Can you sit at the bar of an expensive place like this and drink soda? Or does a rent-a-cop on duty order a scotch straight up with soda on the side, and not drink the scotch? Or pour it on the floor, when no one’s looking?
The bartender appeared.
“I’ll have what that gentlemen is drinking,” Matt said, indicating Frazier.
“The gentleman is drinking soda with a lemon slice, sir,” the bartender said.
“In that case, I think I’d better take a look at the wine list,” Matt said. “We can take a bottle to the table later, right?”
“Of course, sir.”
“What are we celebrating, Matt?” Daffy asked.
“Nothing, so far as I know. Why?”
“I don’t trust you when you are charming. You asking for the wine list?”

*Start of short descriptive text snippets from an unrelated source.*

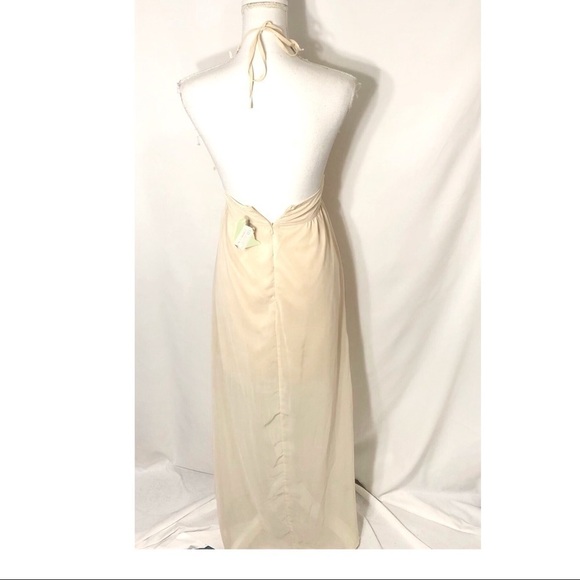 Tea & Cup Olivia Chiffon Dress NWT Small Ivory Women’s Cream Maxi Formal - Picture 5 of 8
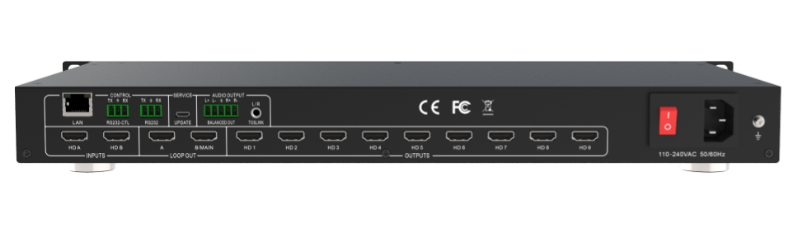 2x9 HDMI Switch with Video Wall Processor, 4K/60Hz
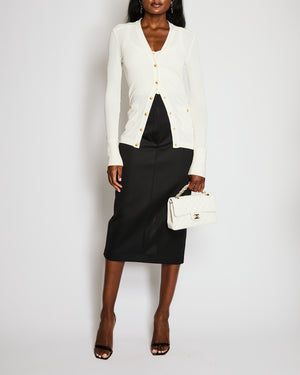 Schiaparelli White Long-Sleeved Ribbed Cardigan Size IT 38 (UK 6)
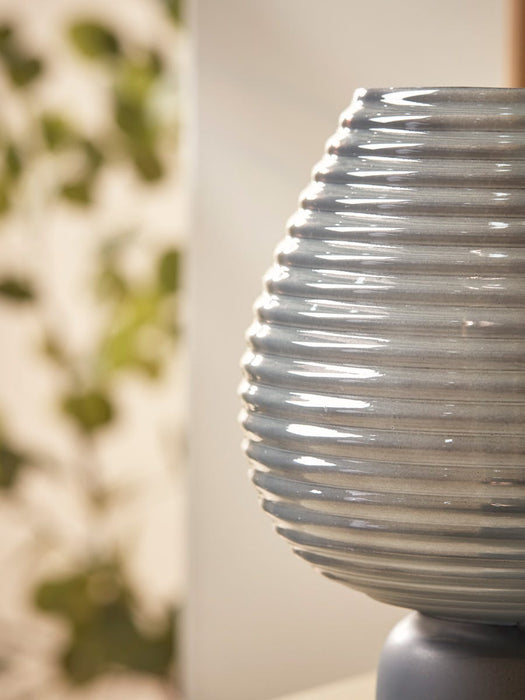 Ribbed Round LED Lamp - Grey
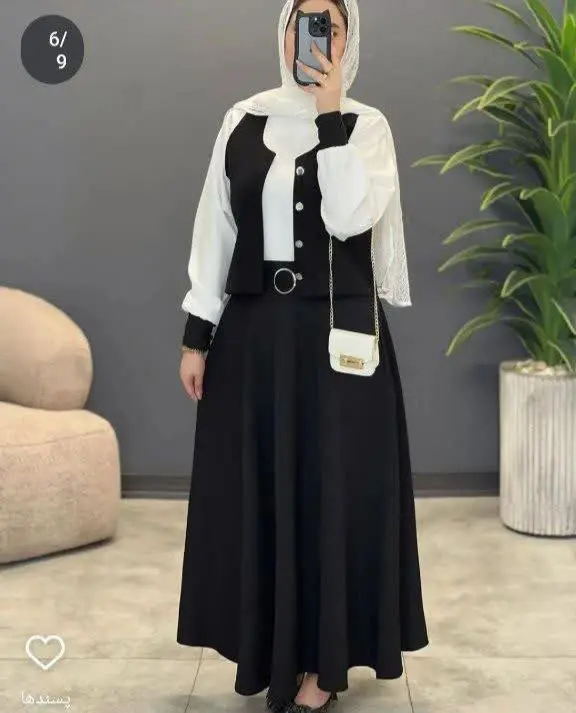 👚 نام: ست سه تیکه شومیزجلیقه دامن ثنا
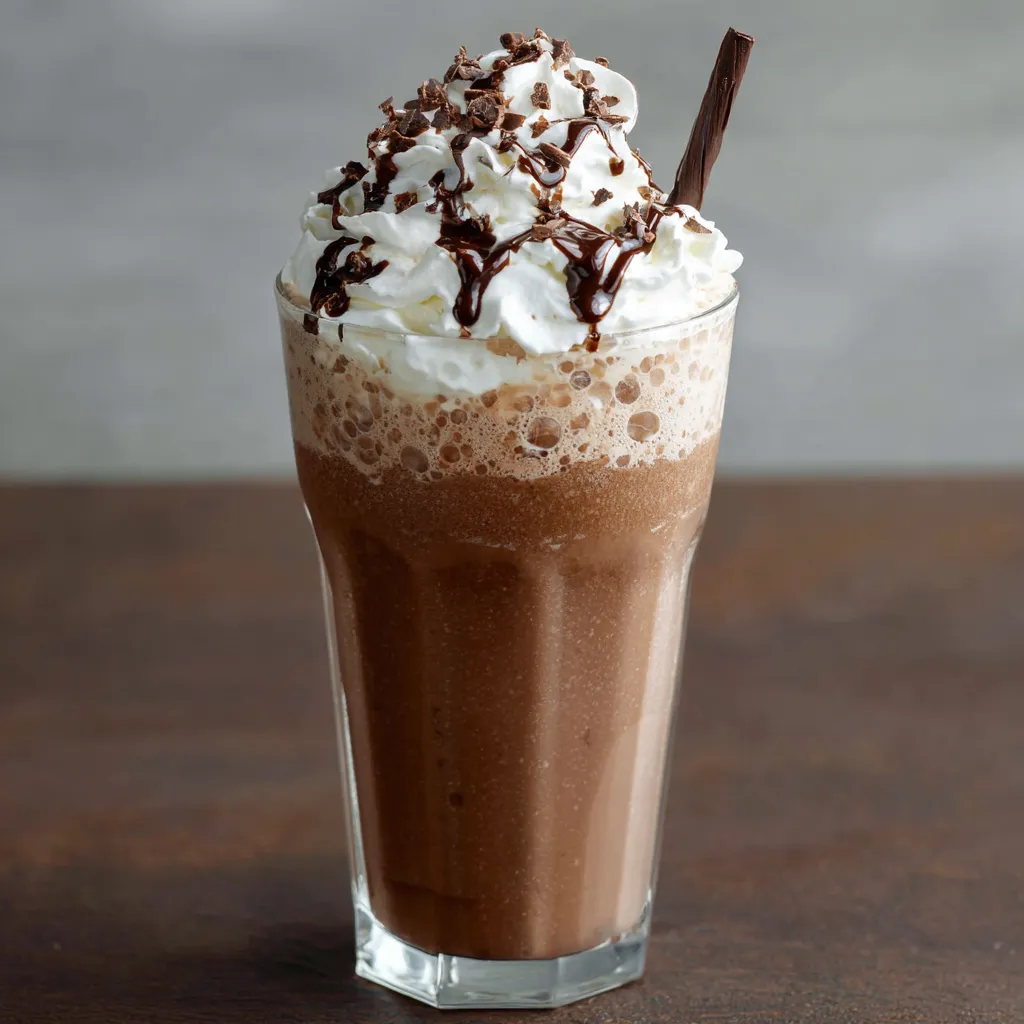 Frappuccino au chocolat maison dans un grand verre avec chantilly et copeaux de chocolat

“Then screw you, baby! You don’t get no wine.”
She smiled.
“Better. That’s the old Matt, the one I have always loathed and despised.”
Chad chuckled.
The chubby, splendidly tailored man in his late twenties, whose name was Anthony Joseph Desidiro, waited until he saw that Mr. Payne and party had taken seats at the bar, and then he walked to the rear of the dining room. Against the rear wall was a table shielded by a light green silk screen. The screen’s weave was such that people seated at the table could see the dining room but people in the dining room could not see who was sitting at the table.
There were two men at the table. One was Mr. Desidiro’s cousin, a large, well-muscled, equally splendidly tailored gentleman whose name appeared on the liquor and restaurant licenses of La Bochabella as the owner. His name was Paulo Cassandro. His mother and Mr. Desidiro’s mother were sisters. Mr. Cassandro had provided his cousin Tony with both his tuition at the Cornell School of Hotel & Restaurant Administration, and a generous allowance while he was there so he would be able to devote his full time to learning the hotel and restaurant administration profession.
On his graduation, Mr. Desidiro spent two years working—he thought of it as an internship—at the Ristorante Alfredo, another of Philadelphia’s more elegant Italian restaurants, on whose liquor and restaurant licenses Mr. Cassandro was also listed as owner.
Two months before, Mr. Desidiro had been named manager of La Bochabella. He had told his cousin Paulo that it was his plan that La Bochabella would become known as the best Northern Italian restaurant in Philadelphia, catering to the social and economic upper crust of Philadelphia.
He wanted to raise prices sufficiently to discourage the patronage of those who thought Italian cuisine was primarily sausage and peppers and spaghetti and meatballs, and that fine Italian wine began and ended with Chianti in raffia-wrapped bottles.
“You got eighteen months, Tony,” Cousin Paulo had told him. “Mr. S. thinks maybe you got a good idea. You got eighteen months to make it work.”
Mr. S. was what his intimates called Mr. Vincenzo Savarese, and Mr. Desidiro was aware that Cousin Paulo’s name on the licenses notwithstanding, Mr. Savarese had the controlling interest in both La Bochabella and Ristorante Alfredo.
Mr. Desidiro thought it was fortuitous that Mr. Savarese had chosen tonight to have dinner in La Bochabella with Cousin Paulo—he came in only every couple of weeks, and then mostly for lunch, not dinner—and he would thus have the opportunity to prove to Mr. Savarese that his philosophy for the successful operation of the restaurant was bearing fruit.
He stepped behind the curtain. Both Cousin Paulo and Mr. Savarese interrupted their meal to look at him.
“Is everything all right?” Mr. Desidiro asked. “Do you like the lamb, Mr. Savarese?”
“Very much,” Mr. Savarese said. “The garlic—how do I say this?—is delicate.”
“We throw garlic buds, crushed but in their skins, directly on the coals when the leg is still raw,” Mr. Desidiro said. “It delicately infuses the meat with the flavor, I think. I’m pleased that you like it.”
“Very nice,” Mr. Savarese said.
“Yeah, Tony,” Cassandro said.
“You know who we have outside, waiting for a table?” Mr. Desidiro said, and went on before a reply could be made. “Mr. and Mrs. Nesbitt the Fourth, of Nesfoods International.”